Leasing's share of U.S. new-vehicle sales has been at least 22.5 percent in every month this year, according to J.D. Power & Associates. The four top months for lease penetration in the last decade, the extent of Power's data, were in 2013, and each of the year's first six months rank among the top nine, the researcher said.
The momentum for leasing is driving U.S. car and light truck sales to a six-year high. Deliveries may climb 15 percent for July to 1.33 million, the average estimate of nine analysts in a survey by Bloomberg News. The annualized industry sales rate, adjusted for seasonal trends, may climb to 15.8 million, the average of 15 estimates, from 14.1 million a year earlier.
The industry sales pace for the month keeps the U.S. on track for its best year since 16.1 million vehicles were sold in 2007. It's also further evidence of the disparate paths of the American auto industry and the city of Detroit, which filed the nation's largest municipal bankruptcy in history this month.
The reasons for leasing's strength extend beyond the race for the top-selling U.S. car. Industrywide gains in product quality and strong used-car prices allow automakers to project higher values for their vehicles when leases expire. This trend is combining with record-low interest rates in allowing the companies to offer cheaper monthly payments.
Leasing has historically tended to be more common on high-end models, accounting for roughly half of sales for some. David Welch, a product manager for a technology company in San Jose, Calif., signed a two-year lease on a Mercedes E350 4Matic during the Fourth of July weekend.
"Moving into luxury cars, it made so much more sense to rent them than to buy them," Welch said in a telephone interview. "For two years, I've got a car where I've only got to put gas and insurance into it."
Leasing's expansion into more mainstream segments also can cultivate loyal customers who can move up into higher-priced vehicles for their future purchases, said Kevin Tynan, an auto analyst for Bloomberg Industries in Skillman, N.J.
"It does create move-ups," he said. "Instead of being in a compact car and having to lease, you'll get people up from compact cars into mid-size cars by being aggressive there."
Buyers are showing "growing acceptance" of leasing in more segments, including mid-sized cars, said Bill Fay, a Toyota group vice president. The prices paid for Toyota's vehicles at the end of their lease, known as resale or residual values, tend to rank among the highest in the industry.
"We're going to leverage a good position we have from resale values to use that as an advantage," Fay said in a phone interview. "It allows us to offer very competitive monthly payments."
The ability to offer Camry at cheaper monthly rates is crucial as Toyota tries to stem declining demand for the car in the year's first half. Camry deliveries slipped 2.9 percent to 207,626, according to the Automotive News Data Center.

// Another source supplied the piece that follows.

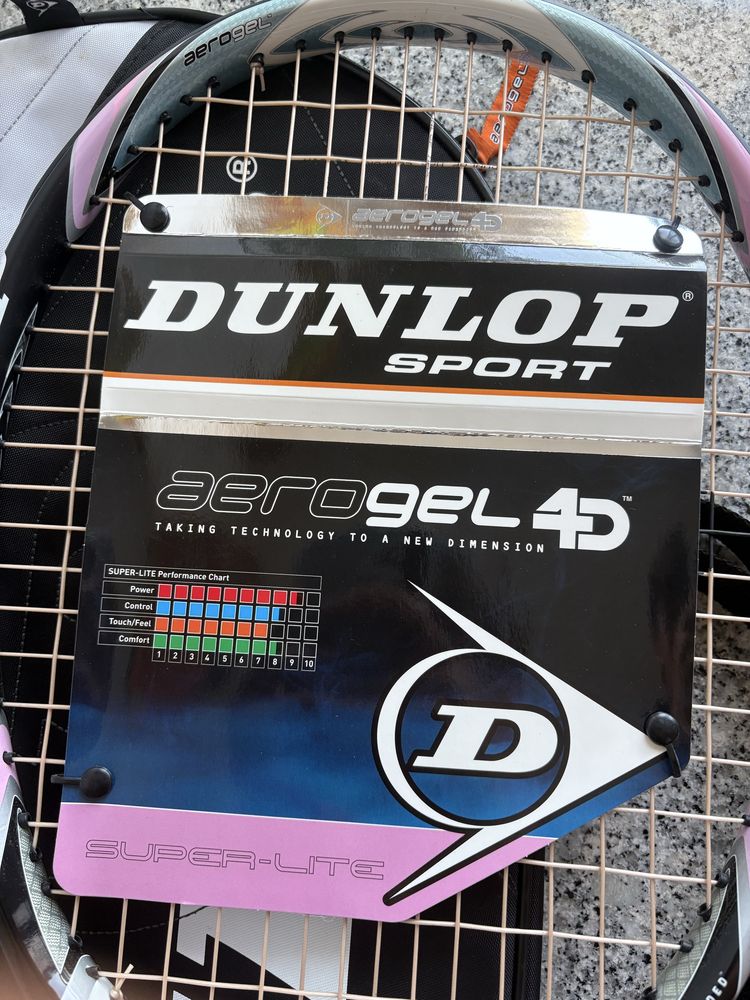 Raquete Dunlop aerogel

Competitors, including Ford, Honda and Nissan Motor Co., are closing in on Camry, the top-selling car in the United States for the past 11 years. A 20 percent surge in Honda's Accord deliveries during the first half cut its sales deficit to Camry by 65 percent from a year earlier, to less than 21,000.
The Altima, one of seven models that Nissan lowered prices on beginning in May, has trimmed its shortfall to Camry by 30 percent, to about 40,000. And Ford has pared Camry's lead on its Fusion by 40 percent, to less than 47,000.
All four automakers probably will post increased July sales across their respective lineups. Ford may report a 17 percent gain, the average of nine estimates. Deliveries probably will rise 17 percent for Toyota, 16 percent for Honda and 13 percent for Nissan, each the average of seven estimates.
The analysts' average estimate for Honda sales is in line with the forecast John Mendel, the company's U.S. executive vice president, gave in a telephone interview. Deliveries will be up 16 percent to 18 percent for the Honda brand and 6 percent to 7 percent for Acura, he said.
Leasing is "a way to reach consumers that were risk-averse and hesitant to jump out there and buy a new car," Alec Gutierrez, an auto analyst with Kelley Blue Book, said in a telephone interview. The leasing rate for Camry rose to about one-fourth of sales in each month early in 2013, from 20 percent or less a year earlier, according to the researcher's data.